My name is Jim Loftus--I'm a pianist/singer/actor.... I was also saddened to hear of the passing of the great film director/actor SYDNEY POLLACK ....
When I had first started playing piano at DESTINO RESTAURANT(851 First Ave, NYC) in April 2006, not long after Mr. Pollack visited us for dinner a few times. On one particular Thursday evening, I spotted Sydney at the Destino bar dining solo--enjoying a simple marinara pasta dish and I introduced myself as the pianist at this venue. He was instantly gregarious and we began chatting. I told him I was also an actor and that "I came at a much cheaper price tag than Tom Cruise"(as I gave him my business card)--my memory was that Sydney was sipping his glass of red wine as I said this and almost spewed it across the bar as he chuckled. It struck me that this giant of Hollywood was so accessible and friendly. He said that he'd be back to Destino as he had a NYC residence right around the block from the restaurant. When I asked him what his current projects were, he spoke with avid interest of his foray into the documentary film world, and began describing in detail one of his then-current films. After his story we shook hands and I went to the piano and he stayed for my first set. He waved goodbye an hour later...but this would not be the last time I would see him...

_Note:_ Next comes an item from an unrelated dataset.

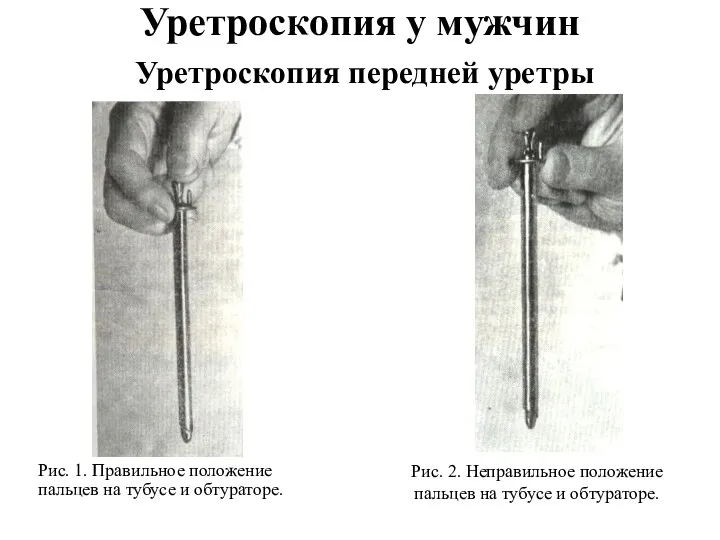Уретроскопия у мужчин Уретроскопия передней уретры Рис. 2. Неправильное положение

On another Thursday evening(August 17,2006), once again I noticed Sydney at the intimate Destino bar about to have dinner. I greeted him again and he instantly remembered me and was once again gracious. After a brief chat, I told him "I had forgotten to do something the last time we met"--and said I'd make up for it now. He looked at me quizzically and I then headed for the piano. I then played and sang "The Way We Were", the theme song of the film which he directed, and followed that with the theme of his Academy-award winning film "Tootsie", the Stephen Bishop song "Maybe It's You". He smiled several times as he looked over and at one point lifted his wine glass in the air, "toasting" my renditions. What a great honor it was to tribute him in that manner, and as I look back on the memory I realized that I never saw him again after that evening. But those moments with the great Sydney Pollack will forever stay with me--rest in peace Sydney and thank you for your great work in the film industry--and the gift that you were to all of us.